* YOUR ASSIGNMENT: In this exercise, the entries below include pictures. Repeat exactly the lines from the line with "Set of 2/4 Wood" to the line with "Pro America Pro", including both, but without the pictures.

* STUDY MATERIAL:
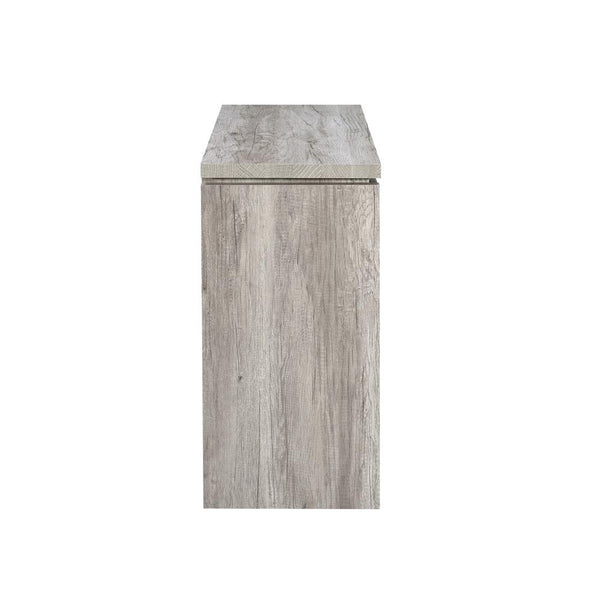 English Elm Grey Grey Driftwood 2-door Accent Cabinet with Antique Bronze Accents, 4 Shelves, Rustic Storage Elegance B062P149091
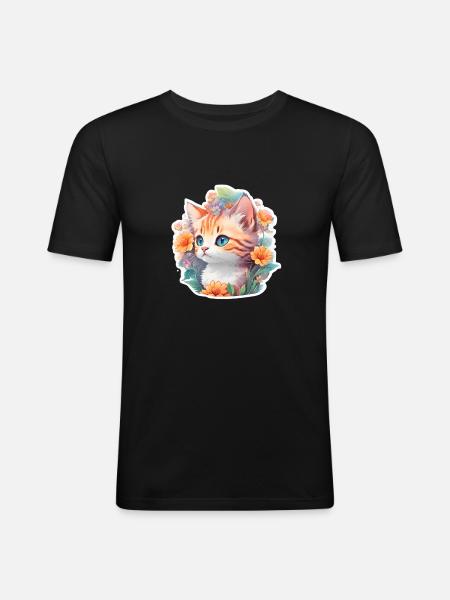 mignon bébé chat - T-shirt près du corps Homme - noir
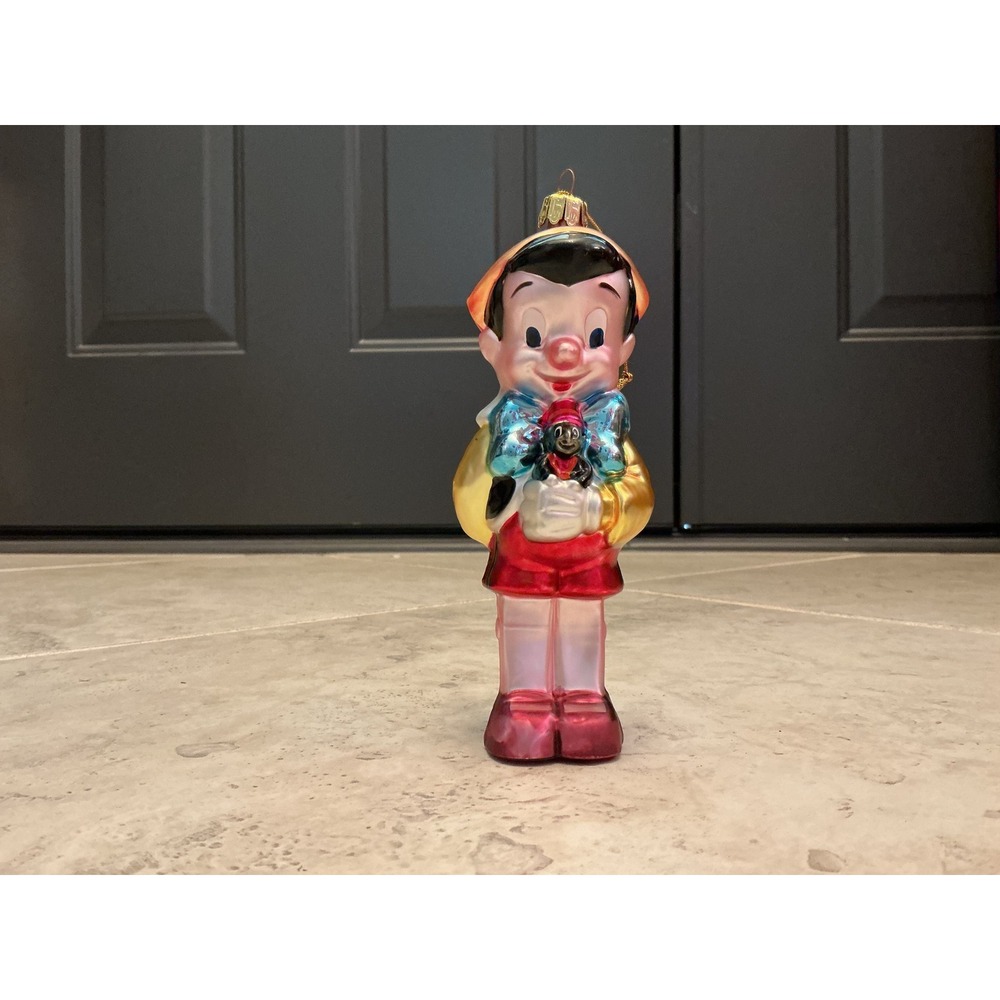 Disney Pinocchio Glass Christmas Ornament Jiminy Cricket Apple Iridescent Finish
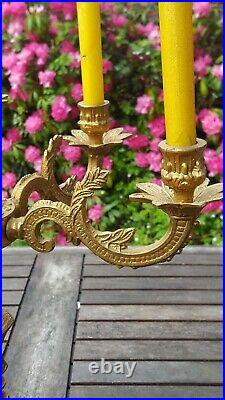 A gorgeous and very unusual 1950's heavy vintage French bronze candlestick(0290)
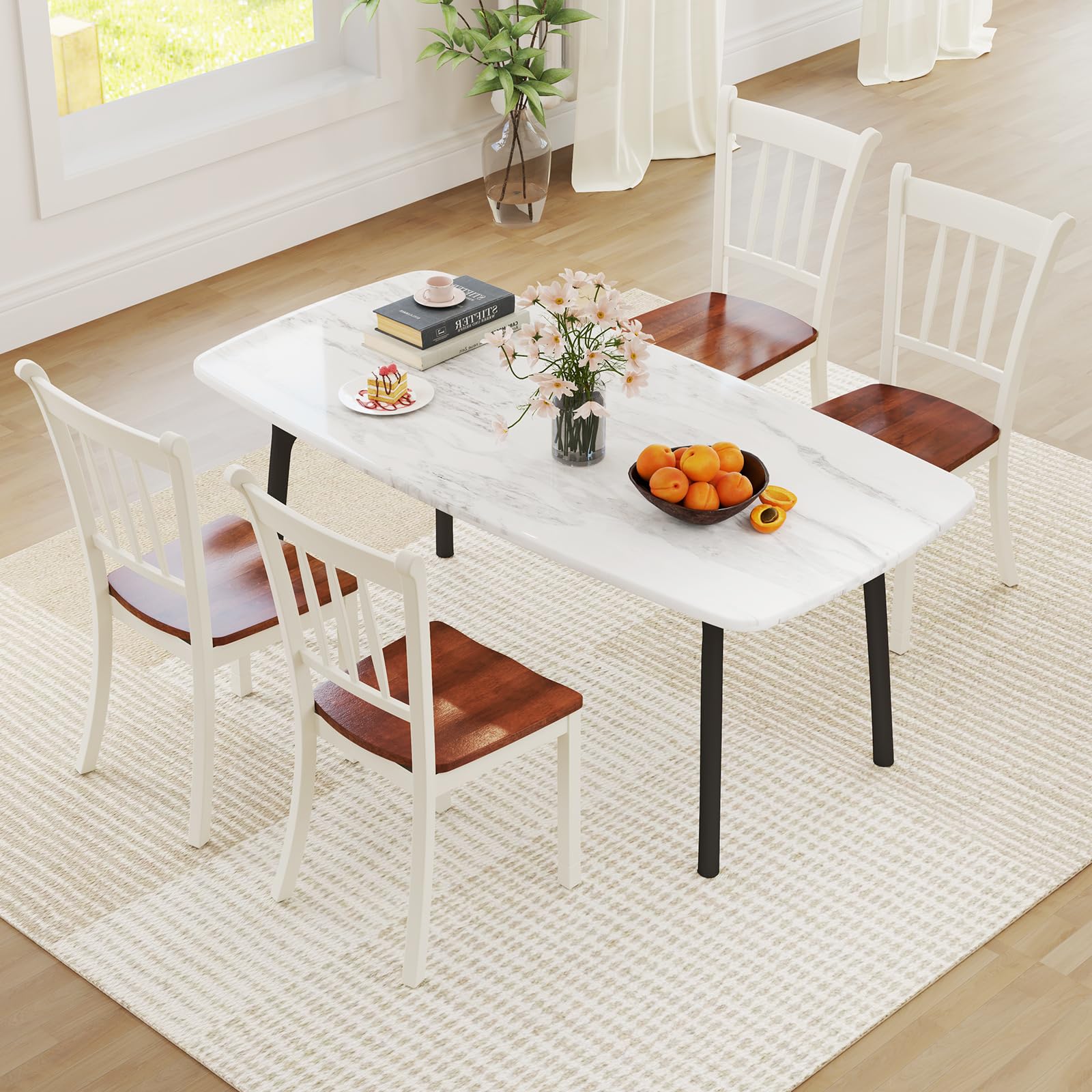 Set of 2/4 Wood Solid Rubber Wood Armless Dining Chairs with Non-Slip Foot Pads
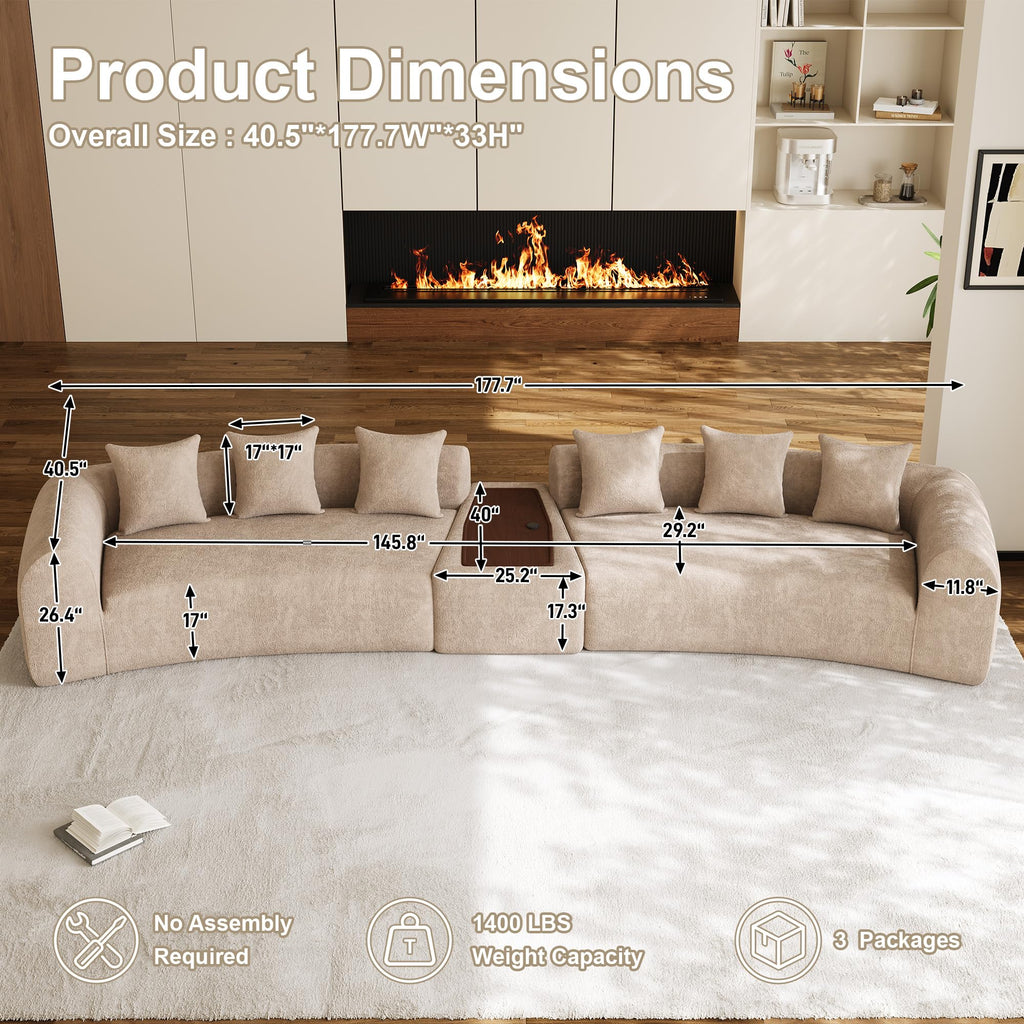 177" Oversized Curved Sectional Sofa, Chenille Cloud Couch, Camel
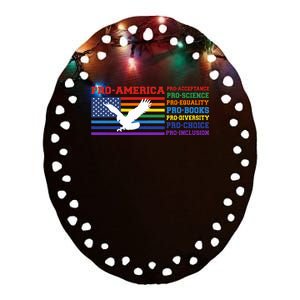 Pro America Pro Acceptance Pro Science Pro Equality Pro Book Ceramic Oval Ornament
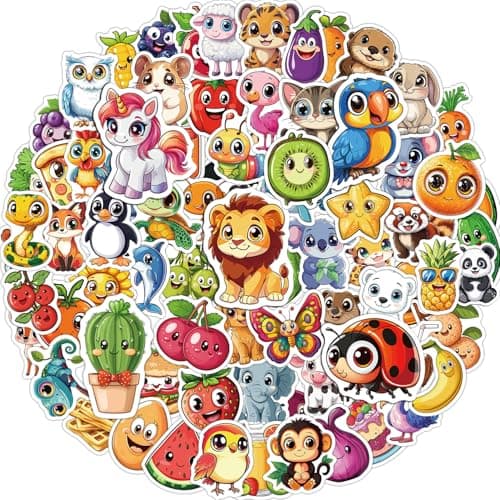 JCFIRE 200PCS Stickers for Kids, Waterproof Mixed Cute Animal Vinyl Scrapbook Stickers for Water Bottle, Book, Laptop, Goodie Bags Stuffers Kids Party Favors, Aesthetic Classroom Supplies Must Haves Sticker decal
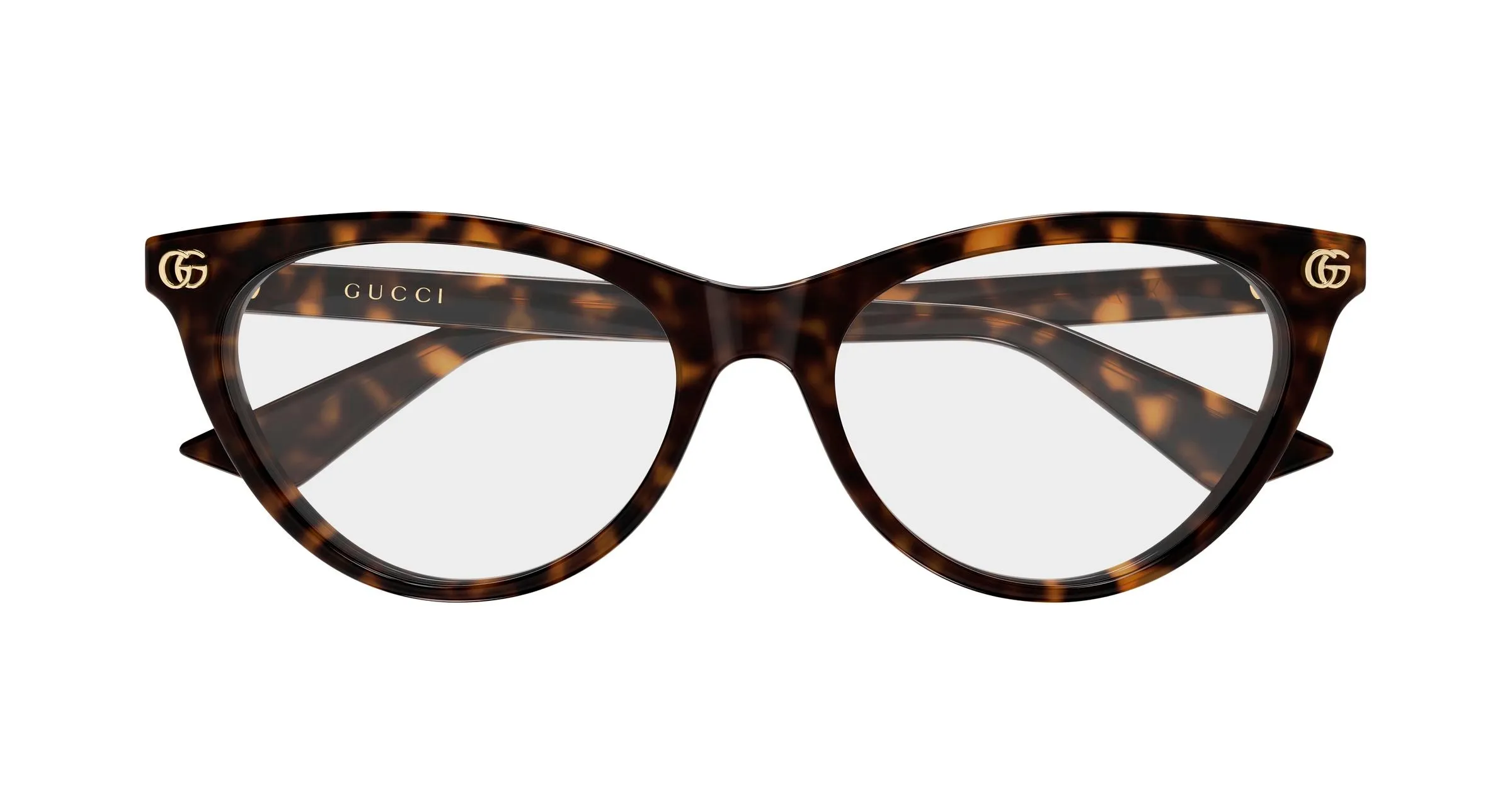 Gucci GG2112O 002 Montature da vista Acetato Havana Trasparente Cat Eye - immagine 2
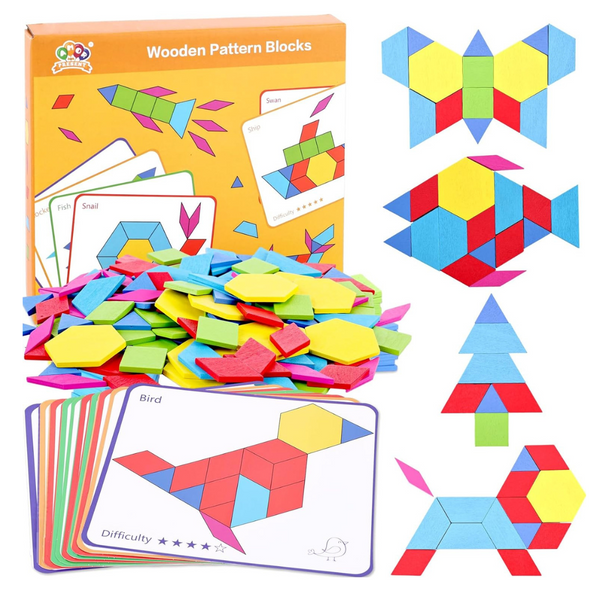 150-Pieces Wooden Pattern Blocks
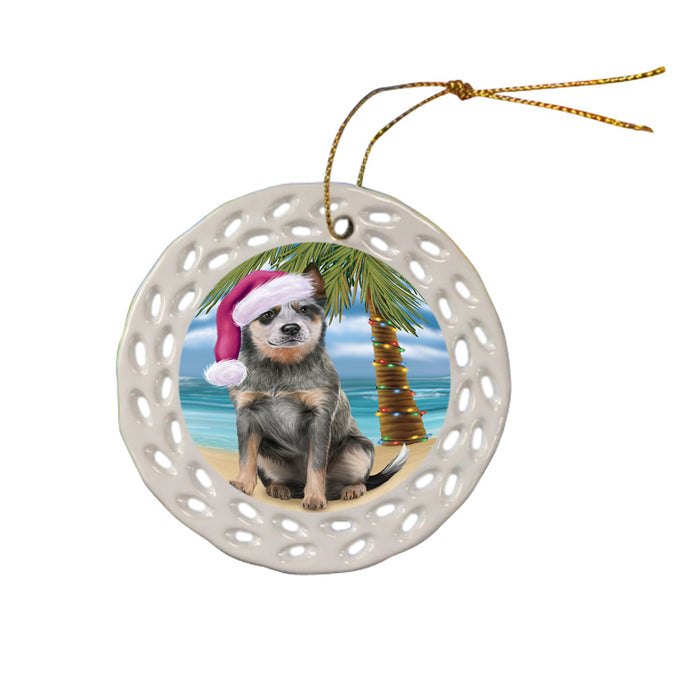 Summertime Happy Holidays Christmas Blue Heeler Dog on Tropical Island Beach Ceramic Doily Ornament DPOR54542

* REPLY:
 Set of 2/4 Wood Solid Rubber Wood Armless Dining Chairs with Non-Slip Foot Pads
 177" Oversized Curved Sectional Sofa, Chenille Cloud Couch, Camel
 Pro America Pro Acceptance Pro Science Pro Equality Pro Book Ceramic Oval Ornament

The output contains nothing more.